We quickly got sick of manually copy/pasting between these services, and were not happy with the complexity being introduced to some of our most essential server code. Take, for instance, a typical signup flow:

app.post('/signup', function(req, res) {  Database.users.add(req.body, function(err, newUser) {
if (err) return res.status(500).send(err);
MailChimp.addUser(newUser.email, function(err) {
if (err) return res.status(500).send(err);
Salesforce.addLead(newUser, function(err) {
if (err) return res.status(500).send(err);
res.send("Success!"); })
})
})
})

This, of course, is an oversimplification - formatting user data to create a new Mailchimp recipient and a new Salesforce lead requires a bunch of extra data munging. Regardless, we’ve introduced two unnecessary points of failure - MailChimp and Salesforce. If either responds with failure, the first thing our new user will see is an error message. If their APIs are moving slowly at the moment, so will our signups. We could do some fancy stuff to parallelize these requests or hide them from the user, but no matter what our super-critical Sign Up endpoint will depend on these sub-critical tasks.

Searching for a Solution

Our first approach was to use Zapier to automate some of these tasks. One zap - pushing new Firebase users to our MailChimp mailing list - worked well, but it quickly became clear that Zapier was not a cure-all. For one, if the information in Firebase changed (e.g. the user adds their full name), Zapier would ignore it, so the two services quickly fell out of sync. For another, there was no way to orchestrate several APIs in one zap - e.g. only adding a user as a Salesforce lead if their usage in Mixpanel was above a certain threshold. And anytime the triggering conditions became even mildly complex, I ran into a wall and began to wish I could just write a little code.

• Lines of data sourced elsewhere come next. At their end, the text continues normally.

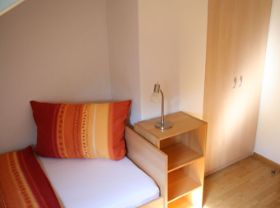 Zwei-Bett-Zimmer-Kahlenberg1.jpg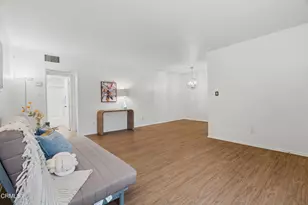 1015 N Michillinda Ave, Pasadena, CA 91107 - Photo 11
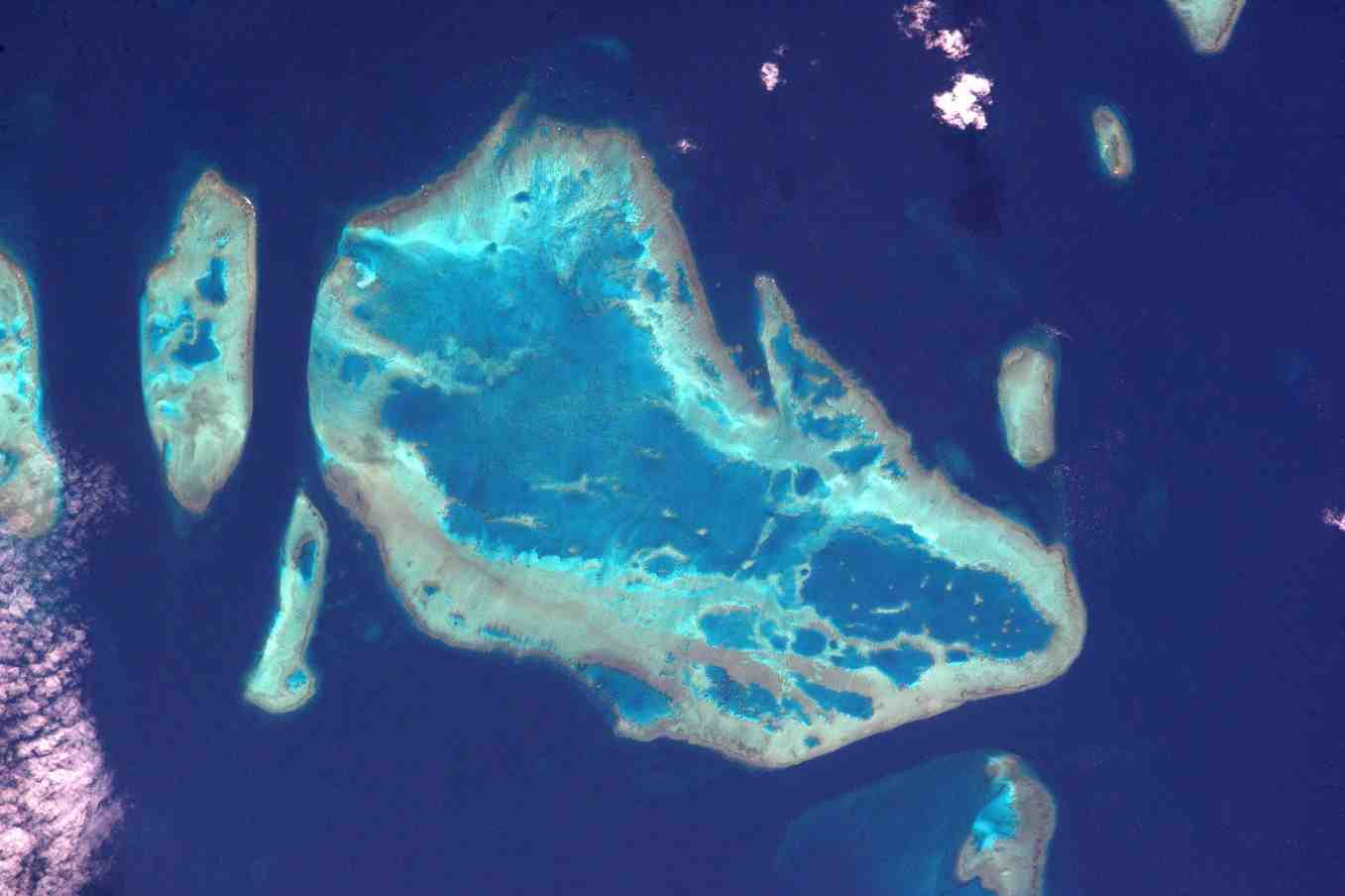 La mer de Corail, vue depuis l’ISS.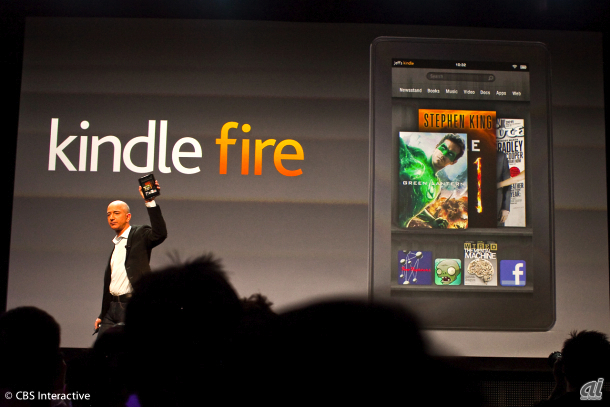 Kindle Fireを紹介するアマゾンCEOのジェフ・ベゾス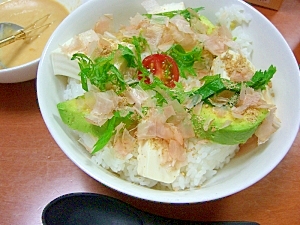 フライパンいらずのアボカド＆豆腐丼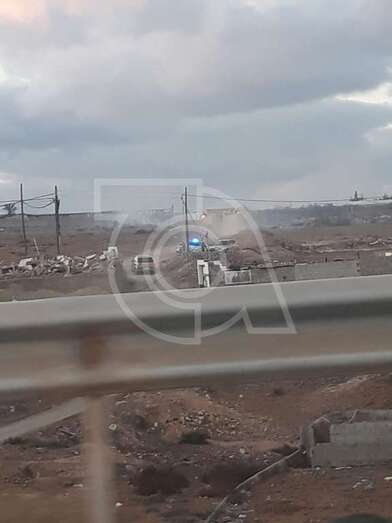 Los efectivos de seguridad y de emergencia, en el lugar del incendio (Foto TA)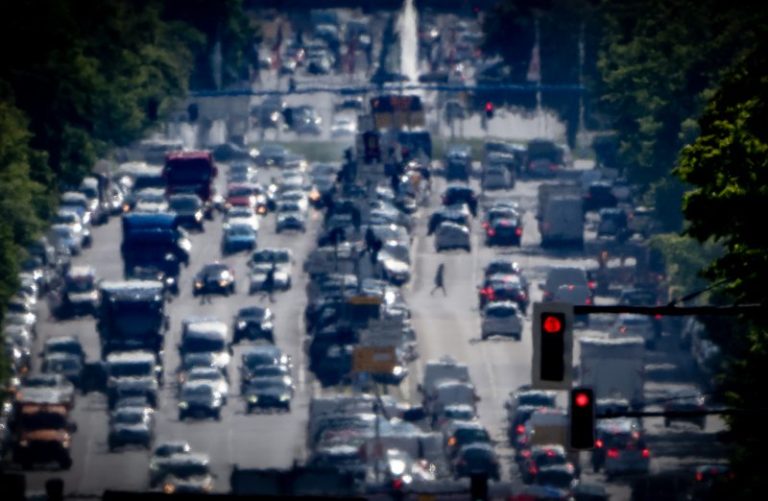 Unione europea: accordo raggiunto sullo stop delle auto con motore a scoppio entro il 2035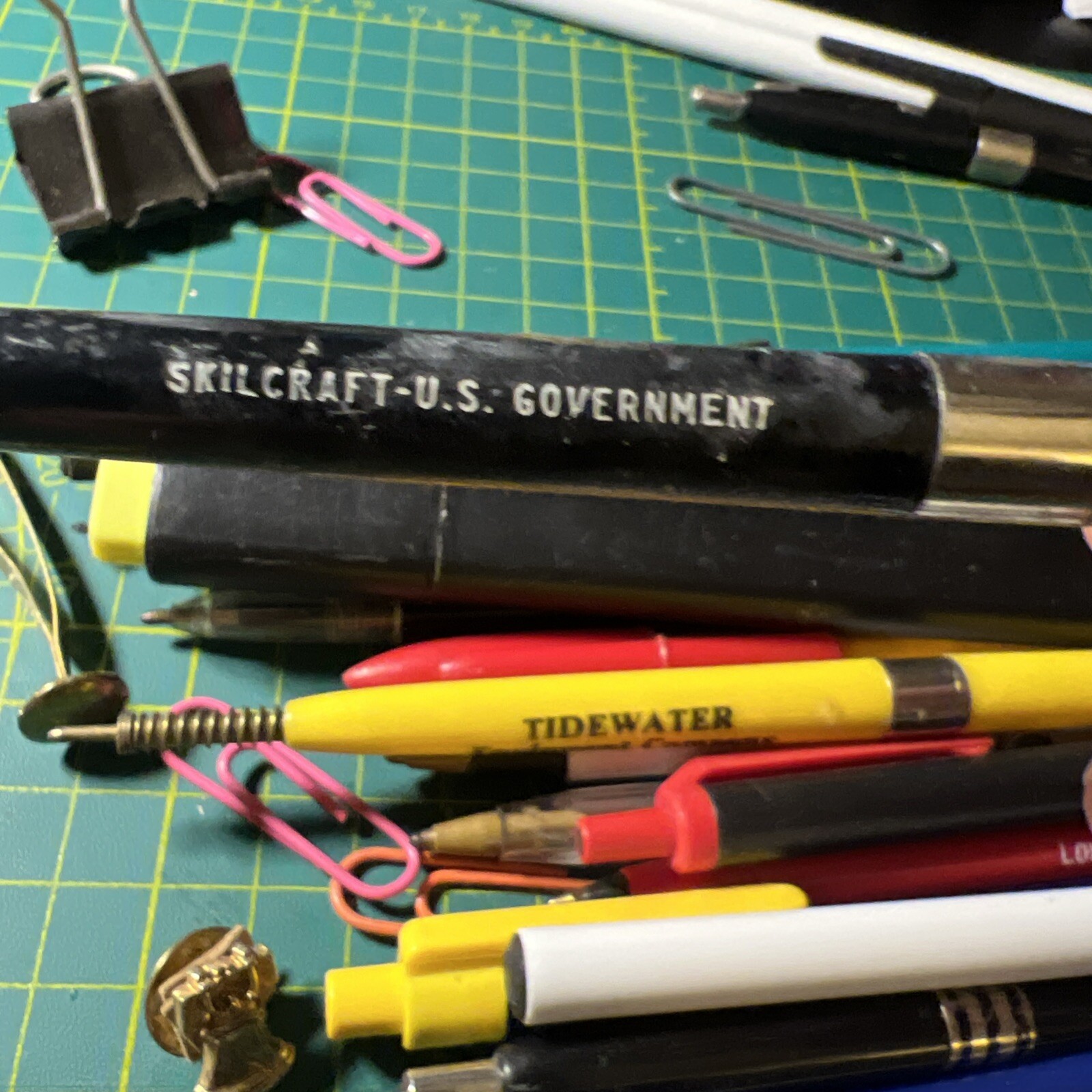LOT OF (20+) Advertising And Other PENS Vintage Desk Clean out Datamate Govt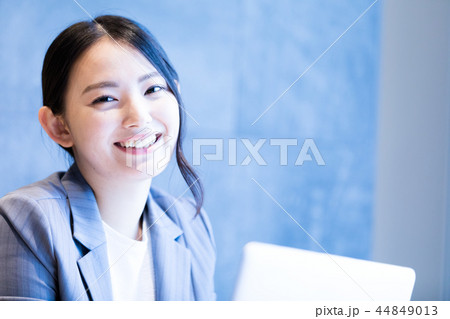 女性 女性 44849013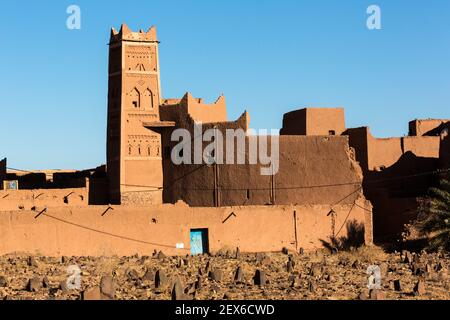 Kasbah sur la vallée du Draa, villes fortifiées en brique de boue Banque D'Images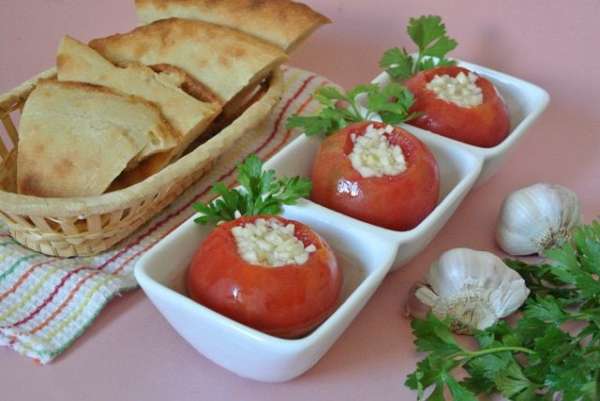 Через день помидоры с острым вкусом готовы!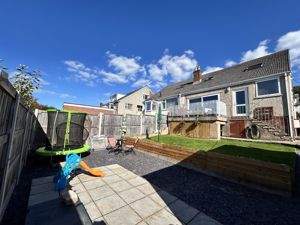 Photo 24- click for photo gallery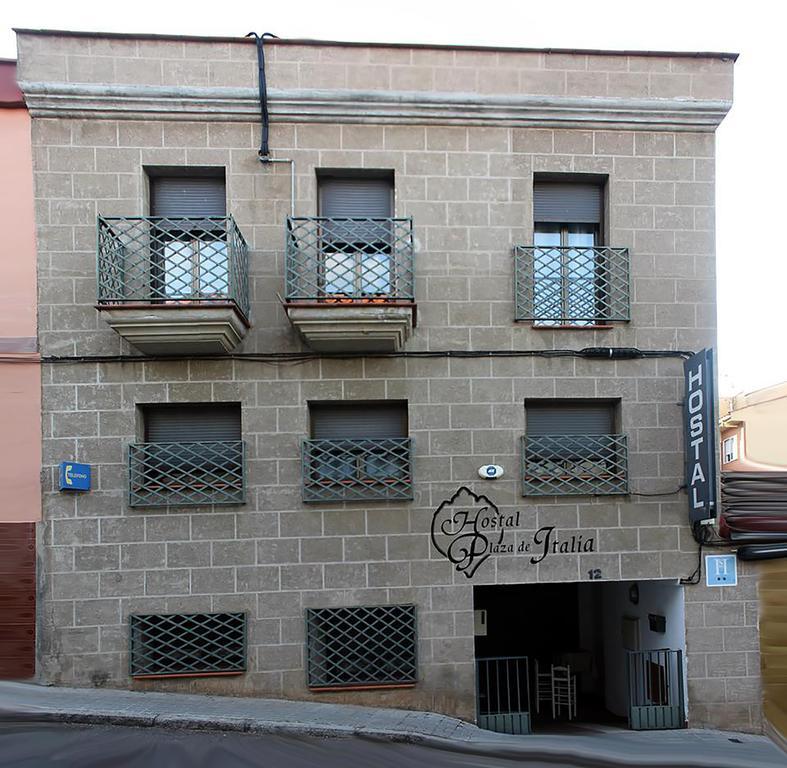 Hostal Plaza De Italia Caces Eksteriør bilde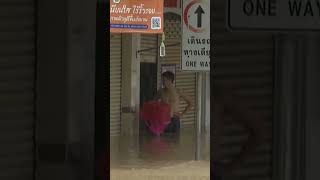 Watch Mive Floods Hit Southern Thailand Residents Stranded In Hat Yai Al15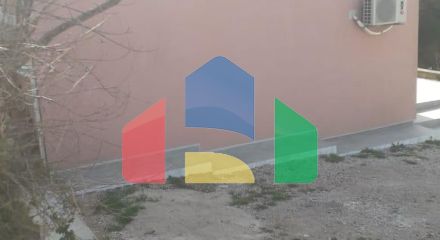 Трехэтажный дом в Сутоморе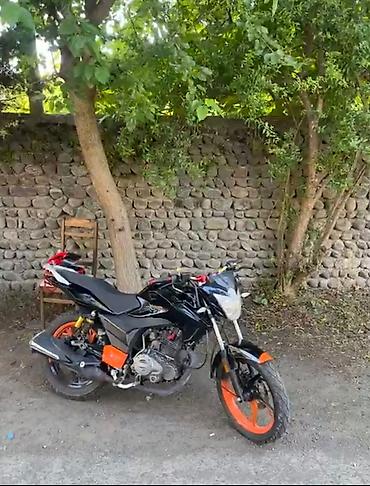 4 silindir motosiklet: Şəhər içi və qısa səfərlər üçün yığcam naked tipli motosiklet — 1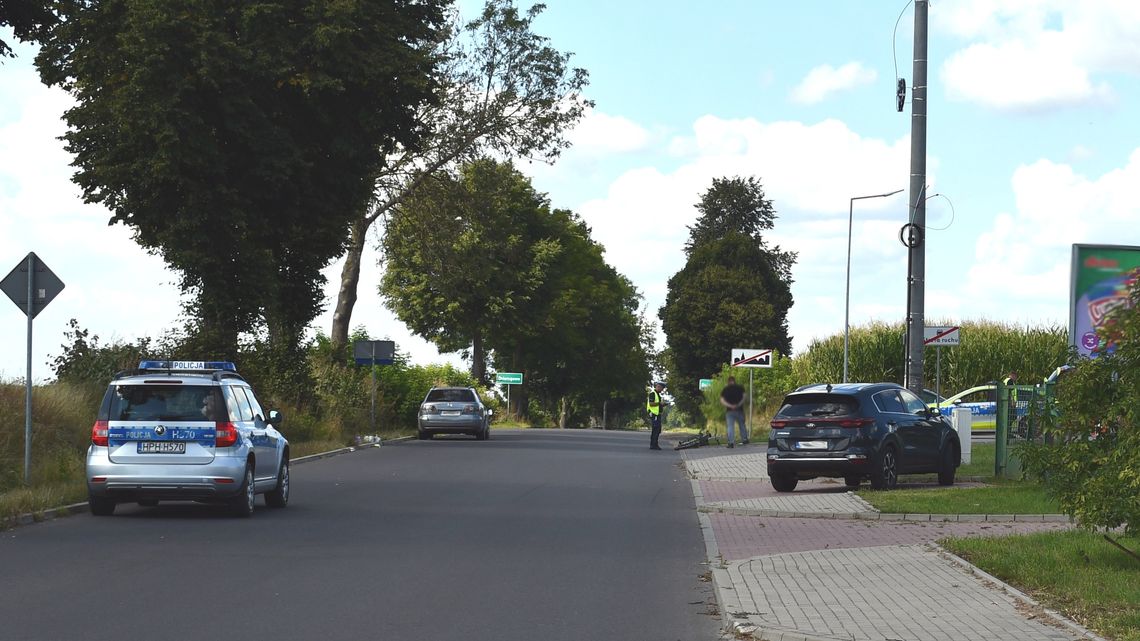 Tragedia w Dzierzgowie. 75-letni rowerzysta zmarł w szpitalu po zderzeniu z mazdą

The next idea was to use crontab - a decades-old Unix utility for scheduling repeated scripts. But provisioning a server and monitoring these scripts quickly became unwieldy, so we decided to build crontab for the web.

Enter DataFire

The idea was simple enough - connect the accounts you care about, then write a bit of JavaScript to call the APIs you need. We’ll take care of all the low-level stuff - authentication, formatting requests, etc - you just tell us what endpoints you want to call with what parameters.

In particular, there were three major pieces of functionality we felt were missing from existing products:

  • The ability to write code. While mapping data inside a pretty UI is approachable for spreadsheet-savvy professionals, there are some tasks that only code can solve, and many tasks that become unwieldy without it.
  • The ability to call 3 or more APIs in one flow. So many usecases fall to the wayside by limiting users to two API calls. Maybe I don’t want to just blindly retweet any mention of my company - surely it’d be better to use an NLP API to make sure it has positive sentiment and no curse words first. Or maybe I’d like to aggregate usage metrics from Mixpanel and Mandrill before inserting a new lead into Salesforce.
  • The ability to schedule or run on demand. Most existing services expect your job to run continuously - every 5 or 15 minutes depending how much you pay. But maybe some jobs only need to run daily, and others need to run every minute - with DataFire you only pay for what you need.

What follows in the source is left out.